-Redundancies in the air transport sector in the Île-de-France and Provence-Alpes-Côte d’Azur regions
-Air France hard hit by EU’s loss of international market share to airlines in the Persian Gulf
-EU to co-fund redeployment leave, start-up grants, vocational training and allowances
Former Air France workers will receive EU aid worth €9,894,483 to help them to re-integrate into the labour market, following a plenary vote on Tuesday.
Air France made 1,858 workers redundant due to “serious economic disruption”, including a decline in the EU’s international market share, slower growth in air traffic in Europe compared to the rest of the world and the rise of airlines in the Persian Gulf, which receive state aid and subsidies, MEPs say in the report.

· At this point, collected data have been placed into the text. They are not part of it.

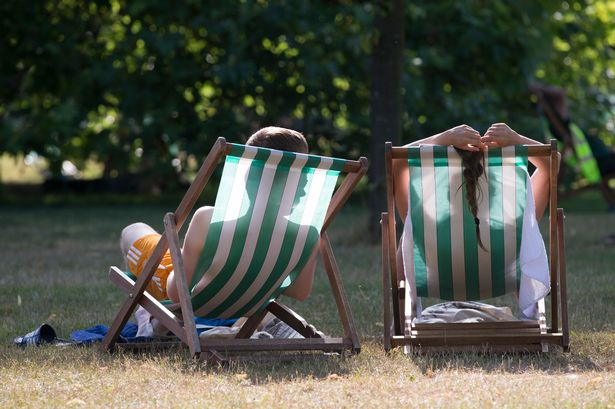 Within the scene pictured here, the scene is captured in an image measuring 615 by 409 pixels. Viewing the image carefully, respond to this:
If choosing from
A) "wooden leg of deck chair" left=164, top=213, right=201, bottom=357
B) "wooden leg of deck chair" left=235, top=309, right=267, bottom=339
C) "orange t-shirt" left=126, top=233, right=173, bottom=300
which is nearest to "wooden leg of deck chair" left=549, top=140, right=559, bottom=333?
"wooden leg of deck chair" left=235, top=309, right=267, bottom=339

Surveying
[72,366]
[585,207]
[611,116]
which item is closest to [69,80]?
[585,207]

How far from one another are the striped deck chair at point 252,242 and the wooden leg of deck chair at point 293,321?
16 centimetres

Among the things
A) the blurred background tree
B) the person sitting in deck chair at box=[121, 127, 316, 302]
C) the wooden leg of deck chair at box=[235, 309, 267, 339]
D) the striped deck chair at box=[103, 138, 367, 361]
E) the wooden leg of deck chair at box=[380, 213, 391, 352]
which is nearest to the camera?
the striped deck chair at box=[103, 138, 367, 361]

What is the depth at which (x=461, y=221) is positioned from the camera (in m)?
4.54

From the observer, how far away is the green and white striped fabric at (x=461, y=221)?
175 inches

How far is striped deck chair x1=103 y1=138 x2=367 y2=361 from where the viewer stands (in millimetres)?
4297

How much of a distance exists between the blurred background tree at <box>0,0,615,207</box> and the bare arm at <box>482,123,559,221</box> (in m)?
7.61

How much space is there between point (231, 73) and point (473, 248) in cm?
857

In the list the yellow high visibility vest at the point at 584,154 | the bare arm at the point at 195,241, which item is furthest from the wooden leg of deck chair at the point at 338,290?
the yellow high visibility vest at the point at 584,154

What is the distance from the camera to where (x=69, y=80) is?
1482 cm

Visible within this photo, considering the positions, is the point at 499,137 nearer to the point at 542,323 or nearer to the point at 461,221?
the point at 461,221

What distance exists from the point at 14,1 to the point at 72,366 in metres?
11.2

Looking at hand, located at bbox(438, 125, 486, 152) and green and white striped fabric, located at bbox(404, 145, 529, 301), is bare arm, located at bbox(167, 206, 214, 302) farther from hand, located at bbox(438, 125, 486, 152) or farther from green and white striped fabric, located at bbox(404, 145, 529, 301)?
hand, located at bbox(438, 125, 486, 152)

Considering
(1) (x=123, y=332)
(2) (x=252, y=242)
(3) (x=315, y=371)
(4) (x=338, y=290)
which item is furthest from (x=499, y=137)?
(1) (x=123, y=332) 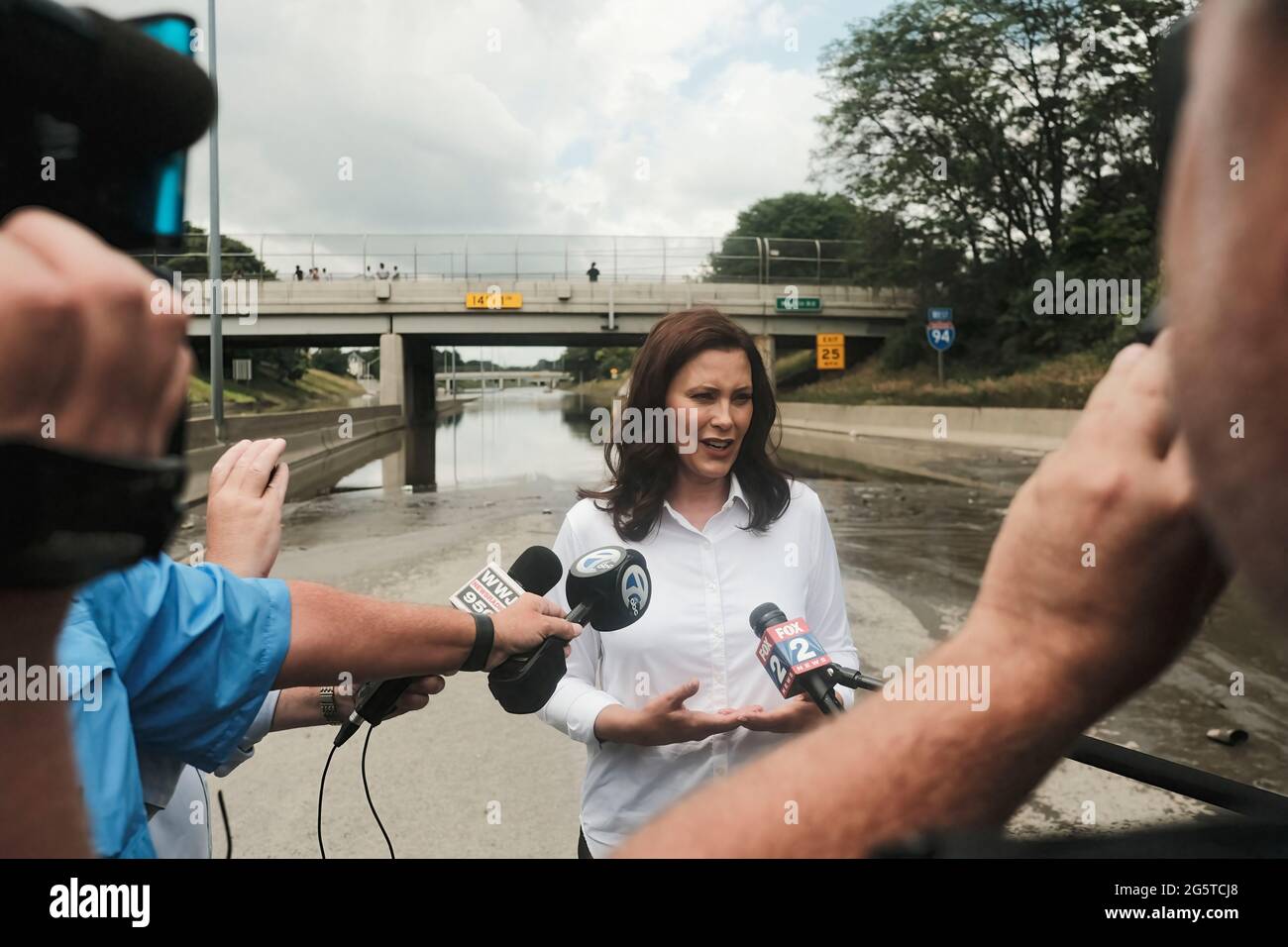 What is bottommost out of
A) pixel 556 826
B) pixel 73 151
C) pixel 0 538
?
pixel 556 826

Most of the workers affected were made redundant in 2017 in the Île-de-France (centre, 76.2%) and Provence-Alpes-Côte d'Azur (south, 11.7%) regions. 47.6 % of redundant workers are women and most are between 55 and 64 years old. The measures, co-funded by the European Globalisation Adjustment Fund (EGF) and the French authorities, should help them to re-integrate into the labour market.
This is France’s second successful EGF application for Air France. The first was in 2013.
The EGF aid will cover 60% of the total cost, which amounts to €9.9 million. Five types of measures are planned: vocational guidance and training, entrepreneurship, start-up grants, and allowances.
The report by rapporteur Alain Lamassoure (EPP, FR) recommending that Parliament approve the aid was passed by 549 votes to 88, with 39 abstentions.
The Council approved the aid on 26 June. With the European Parliament’s green light, the funds will be available within weeks.
The European Globalisation Adjustment Fund contributes to packages of tailor-made services to help redundant workers find new jobs. Its annual ceiling is €150 million.